Here are thirty or forty thousand men gathered together on this plain. What are they going to do? See, there are thirty or forty thousand more at a little distance. And these are going to shoot them through the head or body, to stab them, or split their skulls, and send most of their souls into everlasting fire, as fast as they possibly can. Why so? What harm have they done to them? O, none at all! They do not so much as know them. But a man, who is King of France, has a quarrel with another man, who is King of England. So these Frenchmen are to kill as many of these Englishmen as they can, to prove the King of France is in the right. Now what an argument is this! What a method of proof! What an amazing way of deciding controversies! What must mankind be, before such a thing as war could ever be known or thought of upon earth? How shocking, how inconceivable a want must there have been of common understanding, as well as common humanity, before any two Governors, or any two nations in the universe, could once think of such a method of decision! If, then, all nations, Pagan, Mahometan, and Christian, do in fact make this their last resort, what farther proof do we need of the utter degeneracy of all nations from the plainest principles of reason and virtue; of the absolute want both of common sense and common humanity, which runs through the whole race of mankind?”
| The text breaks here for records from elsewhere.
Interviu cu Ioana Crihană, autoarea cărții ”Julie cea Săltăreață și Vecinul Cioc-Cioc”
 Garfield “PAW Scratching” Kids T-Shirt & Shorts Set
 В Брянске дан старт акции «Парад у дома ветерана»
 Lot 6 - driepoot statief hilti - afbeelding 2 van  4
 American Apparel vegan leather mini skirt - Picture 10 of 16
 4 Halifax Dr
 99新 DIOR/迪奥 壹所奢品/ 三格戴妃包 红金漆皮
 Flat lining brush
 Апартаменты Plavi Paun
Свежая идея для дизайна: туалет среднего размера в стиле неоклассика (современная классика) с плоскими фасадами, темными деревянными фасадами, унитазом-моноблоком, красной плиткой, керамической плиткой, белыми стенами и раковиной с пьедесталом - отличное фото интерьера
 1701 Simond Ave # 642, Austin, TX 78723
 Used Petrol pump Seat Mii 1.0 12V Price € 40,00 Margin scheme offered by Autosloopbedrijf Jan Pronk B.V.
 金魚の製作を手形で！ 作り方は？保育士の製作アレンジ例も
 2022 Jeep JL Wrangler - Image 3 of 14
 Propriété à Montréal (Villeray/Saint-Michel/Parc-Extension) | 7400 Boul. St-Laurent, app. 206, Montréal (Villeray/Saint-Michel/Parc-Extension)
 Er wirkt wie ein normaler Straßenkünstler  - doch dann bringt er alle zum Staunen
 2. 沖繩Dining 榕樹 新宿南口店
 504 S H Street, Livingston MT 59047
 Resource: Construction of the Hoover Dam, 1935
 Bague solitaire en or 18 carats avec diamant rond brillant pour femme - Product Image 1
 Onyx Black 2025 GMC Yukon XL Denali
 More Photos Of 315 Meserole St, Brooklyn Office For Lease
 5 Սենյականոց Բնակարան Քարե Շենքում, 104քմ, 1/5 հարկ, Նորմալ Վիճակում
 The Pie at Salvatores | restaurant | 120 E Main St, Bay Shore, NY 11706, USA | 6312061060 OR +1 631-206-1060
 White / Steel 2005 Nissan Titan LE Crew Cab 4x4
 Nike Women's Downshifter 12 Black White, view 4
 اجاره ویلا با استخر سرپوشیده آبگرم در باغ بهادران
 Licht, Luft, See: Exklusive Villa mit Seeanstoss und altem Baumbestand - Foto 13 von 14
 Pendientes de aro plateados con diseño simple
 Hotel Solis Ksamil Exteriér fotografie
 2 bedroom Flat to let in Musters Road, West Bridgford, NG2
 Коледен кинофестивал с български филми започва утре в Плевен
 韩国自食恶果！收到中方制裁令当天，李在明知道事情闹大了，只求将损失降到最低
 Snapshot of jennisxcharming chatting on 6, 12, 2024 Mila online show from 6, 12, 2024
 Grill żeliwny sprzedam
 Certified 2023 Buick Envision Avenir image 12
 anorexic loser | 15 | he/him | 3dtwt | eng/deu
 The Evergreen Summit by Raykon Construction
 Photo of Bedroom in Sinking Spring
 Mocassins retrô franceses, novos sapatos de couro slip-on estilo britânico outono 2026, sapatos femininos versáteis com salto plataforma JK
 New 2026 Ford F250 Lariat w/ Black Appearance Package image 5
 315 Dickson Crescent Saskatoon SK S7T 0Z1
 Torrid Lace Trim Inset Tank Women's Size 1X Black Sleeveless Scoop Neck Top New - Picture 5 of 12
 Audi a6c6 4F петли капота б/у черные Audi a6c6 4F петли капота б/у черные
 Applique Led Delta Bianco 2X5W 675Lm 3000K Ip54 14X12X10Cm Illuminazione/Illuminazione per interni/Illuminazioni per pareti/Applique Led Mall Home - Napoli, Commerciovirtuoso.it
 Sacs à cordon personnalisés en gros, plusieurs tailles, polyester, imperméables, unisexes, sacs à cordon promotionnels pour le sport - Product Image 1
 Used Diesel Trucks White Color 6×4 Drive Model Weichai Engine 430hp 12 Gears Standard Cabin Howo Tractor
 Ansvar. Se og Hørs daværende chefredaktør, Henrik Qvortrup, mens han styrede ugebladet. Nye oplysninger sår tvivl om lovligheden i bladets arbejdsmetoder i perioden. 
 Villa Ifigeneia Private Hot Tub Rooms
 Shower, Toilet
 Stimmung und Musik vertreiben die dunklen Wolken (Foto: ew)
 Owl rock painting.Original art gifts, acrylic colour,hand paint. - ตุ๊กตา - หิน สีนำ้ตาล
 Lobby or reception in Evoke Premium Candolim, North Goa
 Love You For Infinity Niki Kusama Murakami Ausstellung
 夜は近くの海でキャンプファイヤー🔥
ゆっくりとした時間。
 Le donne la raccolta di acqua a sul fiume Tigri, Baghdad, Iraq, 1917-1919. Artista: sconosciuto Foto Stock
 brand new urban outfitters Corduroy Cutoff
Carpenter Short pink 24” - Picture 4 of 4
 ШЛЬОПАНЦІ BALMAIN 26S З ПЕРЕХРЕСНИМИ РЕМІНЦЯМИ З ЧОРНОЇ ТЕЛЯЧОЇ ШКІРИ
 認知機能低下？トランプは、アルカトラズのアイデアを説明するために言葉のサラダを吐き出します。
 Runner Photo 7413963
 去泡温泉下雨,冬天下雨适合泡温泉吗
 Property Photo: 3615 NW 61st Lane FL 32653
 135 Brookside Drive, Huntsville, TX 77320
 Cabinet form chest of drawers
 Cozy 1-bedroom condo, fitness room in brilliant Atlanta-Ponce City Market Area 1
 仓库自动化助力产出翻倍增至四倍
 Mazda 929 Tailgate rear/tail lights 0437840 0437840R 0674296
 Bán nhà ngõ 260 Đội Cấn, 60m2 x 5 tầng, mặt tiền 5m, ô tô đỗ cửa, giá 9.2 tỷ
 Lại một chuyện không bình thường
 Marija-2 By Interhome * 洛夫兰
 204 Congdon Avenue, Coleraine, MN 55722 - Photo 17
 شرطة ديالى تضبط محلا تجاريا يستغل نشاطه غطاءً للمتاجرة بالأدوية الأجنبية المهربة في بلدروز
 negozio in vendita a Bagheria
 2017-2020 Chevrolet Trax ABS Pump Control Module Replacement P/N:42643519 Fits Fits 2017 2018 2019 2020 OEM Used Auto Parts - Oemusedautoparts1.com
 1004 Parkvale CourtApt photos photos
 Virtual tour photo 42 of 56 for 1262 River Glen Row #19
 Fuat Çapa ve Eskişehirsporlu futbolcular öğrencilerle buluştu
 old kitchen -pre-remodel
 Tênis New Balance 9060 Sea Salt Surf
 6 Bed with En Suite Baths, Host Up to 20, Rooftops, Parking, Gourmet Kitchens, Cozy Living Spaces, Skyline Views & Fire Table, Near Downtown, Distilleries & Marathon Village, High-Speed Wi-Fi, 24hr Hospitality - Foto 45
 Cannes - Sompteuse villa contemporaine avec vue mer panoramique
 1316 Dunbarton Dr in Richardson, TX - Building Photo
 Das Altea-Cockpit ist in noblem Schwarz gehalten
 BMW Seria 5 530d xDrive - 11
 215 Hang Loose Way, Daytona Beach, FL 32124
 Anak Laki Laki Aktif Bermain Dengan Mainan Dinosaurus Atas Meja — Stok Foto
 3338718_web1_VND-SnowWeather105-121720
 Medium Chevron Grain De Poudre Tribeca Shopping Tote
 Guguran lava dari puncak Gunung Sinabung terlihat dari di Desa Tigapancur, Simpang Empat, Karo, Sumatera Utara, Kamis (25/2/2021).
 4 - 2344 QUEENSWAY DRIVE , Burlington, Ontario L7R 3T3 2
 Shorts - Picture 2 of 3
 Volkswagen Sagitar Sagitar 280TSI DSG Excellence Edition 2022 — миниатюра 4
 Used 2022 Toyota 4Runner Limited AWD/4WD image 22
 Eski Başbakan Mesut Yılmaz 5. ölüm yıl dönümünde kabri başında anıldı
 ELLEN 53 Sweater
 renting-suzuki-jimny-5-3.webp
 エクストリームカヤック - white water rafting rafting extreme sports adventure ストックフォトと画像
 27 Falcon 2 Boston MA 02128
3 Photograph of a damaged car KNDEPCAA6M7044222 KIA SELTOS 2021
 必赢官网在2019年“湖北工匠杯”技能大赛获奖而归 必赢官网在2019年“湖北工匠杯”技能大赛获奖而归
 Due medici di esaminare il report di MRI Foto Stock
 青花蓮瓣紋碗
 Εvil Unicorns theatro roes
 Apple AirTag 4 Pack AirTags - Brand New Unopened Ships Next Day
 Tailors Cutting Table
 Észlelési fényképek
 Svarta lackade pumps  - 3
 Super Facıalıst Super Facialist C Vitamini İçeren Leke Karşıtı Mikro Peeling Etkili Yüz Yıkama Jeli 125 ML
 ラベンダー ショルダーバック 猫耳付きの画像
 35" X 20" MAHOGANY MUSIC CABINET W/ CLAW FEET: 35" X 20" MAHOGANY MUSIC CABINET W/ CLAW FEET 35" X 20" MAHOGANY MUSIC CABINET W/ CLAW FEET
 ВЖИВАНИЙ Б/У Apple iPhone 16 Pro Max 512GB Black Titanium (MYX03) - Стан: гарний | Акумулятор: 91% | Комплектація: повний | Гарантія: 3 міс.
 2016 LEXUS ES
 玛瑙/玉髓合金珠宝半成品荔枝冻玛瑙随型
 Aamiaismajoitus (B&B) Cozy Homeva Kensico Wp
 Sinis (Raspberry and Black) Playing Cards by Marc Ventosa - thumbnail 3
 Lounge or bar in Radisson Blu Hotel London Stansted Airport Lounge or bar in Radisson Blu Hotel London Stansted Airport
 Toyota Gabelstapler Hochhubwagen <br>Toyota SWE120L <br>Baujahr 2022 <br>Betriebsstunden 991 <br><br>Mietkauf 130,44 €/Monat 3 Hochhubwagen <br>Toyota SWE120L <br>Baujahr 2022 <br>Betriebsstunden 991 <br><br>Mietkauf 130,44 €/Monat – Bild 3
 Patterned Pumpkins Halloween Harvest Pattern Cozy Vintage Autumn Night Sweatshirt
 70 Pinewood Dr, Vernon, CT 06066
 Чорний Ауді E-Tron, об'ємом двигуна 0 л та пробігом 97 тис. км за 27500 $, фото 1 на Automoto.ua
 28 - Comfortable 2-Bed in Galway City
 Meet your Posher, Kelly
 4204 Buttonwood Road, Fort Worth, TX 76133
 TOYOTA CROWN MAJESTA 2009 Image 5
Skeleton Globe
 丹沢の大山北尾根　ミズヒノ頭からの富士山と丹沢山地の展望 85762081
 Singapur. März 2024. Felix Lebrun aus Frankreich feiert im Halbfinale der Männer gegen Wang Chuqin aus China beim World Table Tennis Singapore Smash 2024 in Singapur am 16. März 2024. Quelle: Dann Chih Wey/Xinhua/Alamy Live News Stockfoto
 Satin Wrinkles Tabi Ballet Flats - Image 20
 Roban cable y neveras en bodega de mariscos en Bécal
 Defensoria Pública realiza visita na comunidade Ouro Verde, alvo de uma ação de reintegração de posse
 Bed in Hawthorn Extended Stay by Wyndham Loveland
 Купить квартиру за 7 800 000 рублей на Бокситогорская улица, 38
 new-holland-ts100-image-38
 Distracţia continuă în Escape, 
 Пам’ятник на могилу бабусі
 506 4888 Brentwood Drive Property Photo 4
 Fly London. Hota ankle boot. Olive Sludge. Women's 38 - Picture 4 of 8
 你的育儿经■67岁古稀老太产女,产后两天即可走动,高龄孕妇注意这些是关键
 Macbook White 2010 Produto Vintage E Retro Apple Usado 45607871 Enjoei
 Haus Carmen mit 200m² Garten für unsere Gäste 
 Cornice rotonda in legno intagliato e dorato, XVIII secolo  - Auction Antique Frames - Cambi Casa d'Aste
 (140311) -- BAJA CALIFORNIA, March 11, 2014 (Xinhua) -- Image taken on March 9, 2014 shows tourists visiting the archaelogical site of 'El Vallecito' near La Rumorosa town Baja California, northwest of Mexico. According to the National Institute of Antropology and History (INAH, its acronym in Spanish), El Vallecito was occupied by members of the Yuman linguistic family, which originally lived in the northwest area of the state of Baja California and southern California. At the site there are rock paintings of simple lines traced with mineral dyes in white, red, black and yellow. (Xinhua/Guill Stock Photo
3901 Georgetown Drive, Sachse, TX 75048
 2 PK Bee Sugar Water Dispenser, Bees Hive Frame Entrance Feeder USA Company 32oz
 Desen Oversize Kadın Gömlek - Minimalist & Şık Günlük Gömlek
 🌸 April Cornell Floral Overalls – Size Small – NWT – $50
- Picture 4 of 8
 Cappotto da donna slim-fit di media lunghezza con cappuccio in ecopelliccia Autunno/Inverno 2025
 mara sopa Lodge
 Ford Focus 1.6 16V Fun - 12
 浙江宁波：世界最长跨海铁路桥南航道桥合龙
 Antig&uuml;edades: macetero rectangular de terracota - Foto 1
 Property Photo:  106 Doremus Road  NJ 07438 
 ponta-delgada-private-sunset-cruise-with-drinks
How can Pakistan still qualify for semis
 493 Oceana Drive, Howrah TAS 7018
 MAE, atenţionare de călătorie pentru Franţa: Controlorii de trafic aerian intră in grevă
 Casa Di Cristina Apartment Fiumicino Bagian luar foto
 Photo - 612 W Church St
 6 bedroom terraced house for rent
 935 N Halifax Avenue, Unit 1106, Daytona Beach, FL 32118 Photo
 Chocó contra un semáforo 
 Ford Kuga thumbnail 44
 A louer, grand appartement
John Wesley, from the sermon ‘Original Sin’ (1762)

{ 5 comments… read them below or add one }


Pam 11.12.12 at 9:35 pm

Last night I was reading a Geoffrey Blainey book, and in a chapter on “Two Open-Air Voices: Wesley and Whitefield” I came across these lines:

“While Whitefield created no sect of his own, he promoted the Welsh Calvinistic Methodists and a sect called the Countess of Huntingdon’s Connexion.” Inspirational name for this blog?


steve 11.13.12 at 4:44 am

“True, but just you consider, most all of us are simple folk. And in France too the majority of men are labourers, workmen, or poor clerks. Now just why would a French blacksmith or a French shoemaker want to attack us? No, it is merely the rulers. I have never see a Frenchman before I came here, and it will be just the same with the majority of Frenchmen as regards us. They weren’t asked about it any more than we were.”
All Quiet on The Western Front, - Erich Maria Remarque

When will we ever learn? Haven’t we enough examples already?


Richard 11.13.12 at 7:46 am

Connexion was the way connection was spelled in the 18th cent. British Methodists have kept the usage, hence the name of this blog. The Countess of Huntingdon’s Connexion still exists, as do the Welsh Calvinistic Methodists, now more commonly known as the Presbyterian Church of Wales.


Pam 11.13.12 at 8:45 am

Thanks for that information Richard.

This is the best war (or more correctly anti-war) poem I’ve ever read:

Beach Burial by Kenneth Slessor

Softly and humbly to the Gulf of Arabs
The convoys of dead sailor come;
At night they sway and wander in the waters far under
But morning rolls them in the foam.

Between the sob and clubbing of the gunfire
Someone, it seems, has time for this,
To pluck them from the shallows and bury them in burrows
And tread the sand upon their nakedness;

And each cross, the driven stake of tidewood,
Bears the last signature of men,
Written with such perplexity, with such bewildered pity,
The words choke as they begin -

‘Unknown seaman’ - the ghostly pencil
Wavers and fades, the purple drips,
The breath of the wet season has washed their inscriptions
As blue as drowned men’s lips,

Dead seamen, gone in search of the same landfall,
Whether as enemies they fought,
Or fought with us, or neither; the sand joins them together,
Enlisted on the other front.

El Alamein.


Richard 11.13.12 at 9:33 am

Powerful stuff indeed, Pam. You have an astonishing range of poetry at your fingertips!